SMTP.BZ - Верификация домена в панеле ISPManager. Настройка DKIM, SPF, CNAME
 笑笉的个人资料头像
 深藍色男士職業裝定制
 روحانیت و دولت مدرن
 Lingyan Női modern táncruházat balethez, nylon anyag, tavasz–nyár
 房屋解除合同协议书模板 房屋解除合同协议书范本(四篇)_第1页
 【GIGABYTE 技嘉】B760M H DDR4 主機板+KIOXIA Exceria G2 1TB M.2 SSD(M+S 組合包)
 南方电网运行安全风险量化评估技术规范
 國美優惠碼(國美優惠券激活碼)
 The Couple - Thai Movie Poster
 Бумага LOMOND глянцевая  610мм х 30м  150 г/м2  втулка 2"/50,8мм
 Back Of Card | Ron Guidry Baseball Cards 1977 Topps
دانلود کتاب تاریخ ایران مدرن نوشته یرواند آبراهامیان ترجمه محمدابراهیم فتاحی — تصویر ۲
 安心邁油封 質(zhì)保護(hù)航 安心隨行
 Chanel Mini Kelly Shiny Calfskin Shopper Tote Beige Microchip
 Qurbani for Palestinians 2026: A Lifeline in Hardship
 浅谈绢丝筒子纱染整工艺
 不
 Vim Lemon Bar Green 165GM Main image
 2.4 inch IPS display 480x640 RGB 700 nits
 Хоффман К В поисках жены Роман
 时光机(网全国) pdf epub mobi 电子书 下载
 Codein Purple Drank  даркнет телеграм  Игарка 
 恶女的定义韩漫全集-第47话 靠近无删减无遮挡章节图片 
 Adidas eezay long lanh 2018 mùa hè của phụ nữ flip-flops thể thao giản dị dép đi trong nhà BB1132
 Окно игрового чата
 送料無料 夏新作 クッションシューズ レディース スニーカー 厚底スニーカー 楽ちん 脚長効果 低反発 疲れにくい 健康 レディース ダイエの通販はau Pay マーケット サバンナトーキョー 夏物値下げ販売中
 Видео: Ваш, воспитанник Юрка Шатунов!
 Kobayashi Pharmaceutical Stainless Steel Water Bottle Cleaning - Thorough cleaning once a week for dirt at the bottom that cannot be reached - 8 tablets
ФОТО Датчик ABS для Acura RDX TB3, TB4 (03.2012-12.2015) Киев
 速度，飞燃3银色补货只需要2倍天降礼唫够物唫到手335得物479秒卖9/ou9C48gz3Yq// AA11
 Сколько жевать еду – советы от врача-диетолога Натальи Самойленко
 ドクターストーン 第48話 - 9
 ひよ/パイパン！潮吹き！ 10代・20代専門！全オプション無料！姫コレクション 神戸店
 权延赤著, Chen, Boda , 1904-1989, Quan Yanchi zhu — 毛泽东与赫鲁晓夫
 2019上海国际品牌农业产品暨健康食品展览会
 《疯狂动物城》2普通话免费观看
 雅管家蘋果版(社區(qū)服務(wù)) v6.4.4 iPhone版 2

**Task directions**
An exact copy of the data, with every line intact, is the required answer.

**Answer for the task**
SMTP.BZ - Верификация домена в панеле ISPManager. Настройка DKIM, SPF, CNAME
 笑笉的个人资料头像
 深藍色男士職業裝定制
 روحانیت و دولت مدرن
 Lingyan Női modern táncruházat balethez, nylon anyag, tavasz–nyár
 房屋解除合同协议书模板 房屋解除合同协议书范本(四篇)_第1页
 【GIGABYTE 技嘉】B760M H DDR4 主機板+KIOXIA Exceria G2 1TB M.2 SSD(M+S 組合包)
 南方电网运行安全风险量化评估技术规范
 國美優惠碼(國美優惠券激活碼)
 The Couple - Thai Movie Poster
 Бумага LOMOND глянцевая  610мм х 30м  150 г/м2  втулка 2"/50,8мм
 Back Of Card | Ron Guidry Baseball Cards 1977 Topps
دانلود کتاب تاریخ ایران مدرن نوشته یرواند آبراهامیان ترجمه محمدابراهیم فتاحی — تصویر ۲
 安心邁油封 質(zhì)保護(hù)航 安心隨行
 Chanel Mini Kelly Shiny Calfskin Shopper Tote Beige Microchip
 Qurbani for Palestinians 2026: A Lifeline in Hardship
 浅谈绢丝筒子纱染整工艺
 不
 Vim Lemon Bar Green 165GM Main image
 2.4 inch IPS display 480x640 RGB 700 nits
 Хоффман К В поисках жены Роман
 时光机(网全国) pdf epub mobi 电子书 下载
 Codein Purple Drank  даркнет телеграм  Игарка 
 恶女的定义韩漫全集-第47话 靠近无删减无遮挡章节图片 
 Adidas eezay long lanh 2018 mùa hè của phụ nữ flip-flops thể thao giản dị dép đi trong nhà BB1132
 Окно игрового чата
 送料無料 夏新作 クッションシューズ レディース スニーカー 厚底スニーカー 楽ちん 脚長効果 低反発 疲れにくい 健康 レディース ダイエの通販はau Pay マーケット サバンナトーキョー 夏物値下げ販売中
 Видео: Ваш, воспитанник Юрка Шатунов!
 Kobayashi Pharmaceutical Stainless Steel Water Bottle Cleaning - Thorough cleaning once a week for dirt at the bottom that cannot be reached - 8 tablets
ФОТО Датчик ABS для Acura RDX TB3, TB4 (03.2012-12.2015) Киев
 速度，飞燃3银色补货只需要2倍天降礼唫够物唫到手335得物479秒卖9/ou9C48gz3Yq// AA11
 Сколько жевать еду – советы от врача-диетолога Натальи Самойленко
 ドクターストーン 第48話 - 9
 ひよ/パイパン！潮吹き！ 10代・20代専門！全オプション無料！姫コレクション 神戸店
 权延赤著, Chen, Boda , 1904-1989, Quan Yanchi zhu — 毛泽东与赫鲁晓夫
 2019上海国际品牌农业产品暨健康食品展览会
 《疯狂动物城》2普通话免费观看
 雅管家蘋果版(社區(qū)服務(wù)) v6.4.4 iPhone版 2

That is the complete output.